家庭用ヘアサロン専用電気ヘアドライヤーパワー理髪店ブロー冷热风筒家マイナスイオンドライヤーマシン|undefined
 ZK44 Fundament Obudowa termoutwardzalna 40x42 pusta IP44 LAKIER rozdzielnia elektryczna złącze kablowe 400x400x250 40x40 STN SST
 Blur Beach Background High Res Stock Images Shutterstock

■ EXERCISE: With the line that contains "ZK44 Fundament Obudowa" as the first and the final line of the data as the last, repeat every line in that span exactly.

■ ANSWER SECTION:
 ZK44 Fundament Obudowa termoutwardzalna 40x42 pusta IP44 LAKIER rozdzielnia elektryczna złącze kablowe 400x400x250 40x40 STN SST
 Blur Beach Background High Res Stock Images Shutterstock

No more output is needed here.